En la vida espiritual la fortaleza ha jugado siempre un papel decisivo: es “virtud estratégica”. Como afirma Tomás de Aquino, la fortaleza, entendida como firmeza de ánimo, es una “virtud general”, condición necesaria de toda virtud[11]. Y la detallada descripción que hace de ella Bernabé Tierno confirma esta visión estratégica de la fortaleza en la vida humana: “La fortaleza es voluntad-acción, dominio de uno mismo, temple de ánimo, superación y esfuerzo del día a día, control de instintos y emociones, perseverancia, tozudez inteligente y apasionada ante las dificultades, vigor psíquico, impasibilidad razonada, compañera inseparable del júbilo, fuerza moral, coraje y audacia, razón, reflexión y sentido de la medida (…). En definitiva, una mezcla de valor, de prudencia y de perseverancia en la misma proporción”[12].
Podemos decir que la fortaleza es imprescindible en todo el entramado de la vida espiritual: no hay decisión o compromiso, virtud o actitud, que sean posibles sin coraje, sin firmeza, sin renuncia, en una palabra, sin fortaleza. En la fragilidad y vulnerabilidad frente a la presencia del mal en la historia, en la lucha interior que se desarrolla en el corazón de la persona que busca la verdad, el bien, el sentido de la vida, el cristiano descubre una realidad que le asiste y sostiene. Es el Espíritu de Dios como amor, como luz, como fuerza: “Saldrá un vástago del tronco de Jesé, y un retoño de sus raíces brotará. Reposará sobre él el espíritu de Yahveh: espíritu de sabiduría e inteligencia, espíritu de consejo y fortaleza, espíritu de ciencia y temor de Yahveh” (Is 11, 1-2). En el evangelio de Lucas (Lc 4, 16-20), en la escena programática de Jesús en la sinagoga de Nazaret, él confirma que el Espíritu del Señor está sobre él, porque lo ha ungido para anunciar a los pobres la Buena Noticia.
Según la fe cristiana el Espíritu Santo guía y sostiene el corazón del que busca, consciente o inconscientemente, el encuentro con el Misterio de Dios. El Espíritu es la brújula que orienta y la luz que ilumina el camino hacia el encuentro con Dios Padre, revelado en Jesús el Señor. Vivir de la bondad infinita del Padre, imitar esa bondad incondicional en la fragilidad y debilidad, con los condicionamientos de todo momento histórico en el seguimiento concreto de Jesús es nuestra gran tarea como cristianos.
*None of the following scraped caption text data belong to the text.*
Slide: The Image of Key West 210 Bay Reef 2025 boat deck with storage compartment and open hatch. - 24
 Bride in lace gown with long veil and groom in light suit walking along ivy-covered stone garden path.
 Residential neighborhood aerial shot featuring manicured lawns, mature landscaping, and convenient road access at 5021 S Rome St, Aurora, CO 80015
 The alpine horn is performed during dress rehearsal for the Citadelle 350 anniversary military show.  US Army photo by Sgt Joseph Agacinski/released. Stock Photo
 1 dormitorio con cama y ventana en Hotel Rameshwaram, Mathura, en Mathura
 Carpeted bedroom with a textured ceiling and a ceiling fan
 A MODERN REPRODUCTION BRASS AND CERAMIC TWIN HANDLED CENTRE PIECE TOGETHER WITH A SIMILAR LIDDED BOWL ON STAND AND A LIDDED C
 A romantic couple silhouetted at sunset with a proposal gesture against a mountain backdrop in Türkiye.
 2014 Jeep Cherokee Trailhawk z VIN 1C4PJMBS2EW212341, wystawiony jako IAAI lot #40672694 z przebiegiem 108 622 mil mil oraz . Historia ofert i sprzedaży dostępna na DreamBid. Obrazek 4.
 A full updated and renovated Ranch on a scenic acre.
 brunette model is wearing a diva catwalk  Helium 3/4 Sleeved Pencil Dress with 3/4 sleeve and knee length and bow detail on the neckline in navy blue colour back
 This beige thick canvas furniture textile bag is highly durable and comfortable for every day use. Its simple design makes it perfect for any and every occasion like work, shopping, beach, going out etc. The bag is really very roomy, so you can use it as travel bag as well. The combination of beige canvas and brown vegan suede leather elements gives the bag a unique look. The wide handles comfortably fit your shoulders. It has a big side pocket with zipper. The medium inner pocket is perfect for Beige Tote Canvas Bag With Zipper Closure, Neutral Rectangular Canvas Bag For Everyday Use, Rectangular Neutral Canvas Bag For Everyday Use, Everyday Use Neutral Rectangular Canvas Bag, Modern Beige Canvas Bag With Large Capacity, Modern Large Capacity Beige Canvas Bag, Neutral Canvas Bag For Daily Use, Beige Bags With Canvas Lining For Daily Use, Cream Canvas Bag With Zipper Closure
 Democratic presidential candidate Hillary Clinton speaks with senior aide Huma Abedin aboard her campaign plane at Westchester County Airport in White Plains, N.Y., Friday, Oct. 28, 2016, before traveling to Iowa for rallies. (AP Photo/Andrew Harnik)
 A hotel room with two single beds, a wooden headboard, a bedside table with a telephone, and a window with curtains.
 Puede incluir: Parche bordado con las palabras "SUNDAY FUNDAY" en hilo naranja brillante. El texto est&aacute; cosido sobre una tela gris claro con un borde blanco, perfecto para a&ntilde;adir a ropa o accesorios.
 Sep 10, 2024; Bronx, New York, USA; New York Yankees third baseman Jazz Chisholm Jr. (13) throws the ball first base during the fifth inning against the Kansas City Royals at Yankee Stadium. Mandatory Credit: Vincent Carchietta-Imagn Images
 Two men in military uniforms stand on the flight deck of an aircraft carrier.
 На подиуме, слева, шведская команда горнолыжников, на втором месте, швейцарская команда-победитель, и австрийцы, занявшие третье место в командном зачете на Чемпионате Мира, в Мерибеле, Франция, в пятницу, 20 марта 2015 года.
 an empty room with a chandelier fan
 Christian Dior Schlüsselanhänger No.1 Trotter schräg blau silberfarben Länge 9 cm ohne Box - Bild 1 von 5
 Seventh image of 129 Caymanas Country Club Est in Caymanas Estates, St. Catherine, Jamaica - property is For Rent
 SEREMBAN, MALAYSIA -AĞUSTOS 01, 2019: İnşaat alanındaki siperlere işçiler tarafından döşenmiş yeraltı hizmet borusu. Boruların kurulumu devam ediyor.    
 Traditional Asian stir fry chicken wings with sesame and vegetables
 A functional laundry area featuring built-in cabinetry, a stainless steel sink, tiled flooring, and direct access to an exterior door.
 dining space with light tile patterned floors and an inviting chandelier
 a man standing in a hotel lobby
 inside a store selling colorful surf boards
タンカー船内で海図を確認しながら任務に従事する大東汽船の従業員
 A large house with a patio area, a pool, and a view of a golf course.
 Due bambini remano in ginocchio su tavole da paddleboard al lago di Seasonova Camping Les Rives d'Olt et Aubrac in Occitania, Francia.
Este seguimiento de Jesús sólo es posible por la presencia del Espíritu que nos capacita para vivir el amor del Padre y la compasión de Jesús en los límites de nuestra vida diaria. El Espíritu es el principio generador y animador de todo el desarrollo de nuestra experiencia religiosa, de nuestra vida teologal con su gracia, con su luz, con su fuerza. La vida según el Espíritu es la vida como hijo adoptivo de Dios, en una decisión libre, sostenida por las virtudes teologales de la fe, la esperanza y la caridad (cf. Rom 8, 14-17).
En el camino de maduración de esta experiencia teologal van surgiendo preguntas, dudas, dificultades, oscuridad: el corazón humano se resiste a entregarse definitivamente y a nuestra inteligencia le cuesta abrirse al Misterio. La certeza de la fe se funda en el compromiso de Dios con nosotros, con la historia, con la búsqueda de salvación del ser humano. La verdad de Dios, que es lo mismo que decir su misericordia, su gracia, su fuerza son el fundamento de nuestra fe y la roca firme que nos sostiene ante la fragilidad de nuestra opción, ante los límites de nuestra inteligencia, en la debilidad de nuestra voluntad, en las experiencias del sufrimiento y de la muerte que golpean nuestra sensibilidad y oscurecen nuestro horizonte humano y creyente, y que hacen tambalear también nuestra esperanza.
La soledad, la vivencia de los propios límites y de la precariedad de nuestros proyectos humanos, el esfuerzo constante por lograr la comunión a pesar de los fracasos en la fraternidad, no nos ahorra la prueba del cansancio que a veces ahoga la esperanza. Cultivar la esperanza supone vivir con misericordia, inclinarse sobre el ser humano y sostenerlo en su caminar a través de la historia, luchar contra el poder de la muerte y de sus manifestaciones (cf.1 Cor 15, 26), resistiendo a toda clase de ídolos, huyendo del fatalismo y también de las pretensiones autosuficientes.
Y en la experiencia de la caridad teologal deben ir íntimamente unidas la oración y la solidaridad, la eucaristía y la actitud de servicio, el sentido de iglesia y la apertura cordial al mundo histórico que nos ha tocado vivir. Y esto conlleva el rechazo del individualismo y del egoísmo, la consistencia de la opción de fe, la conciencia eclesial, el sentido de la misión, la capacidad para la renuncia, para la compasión y la misericordia.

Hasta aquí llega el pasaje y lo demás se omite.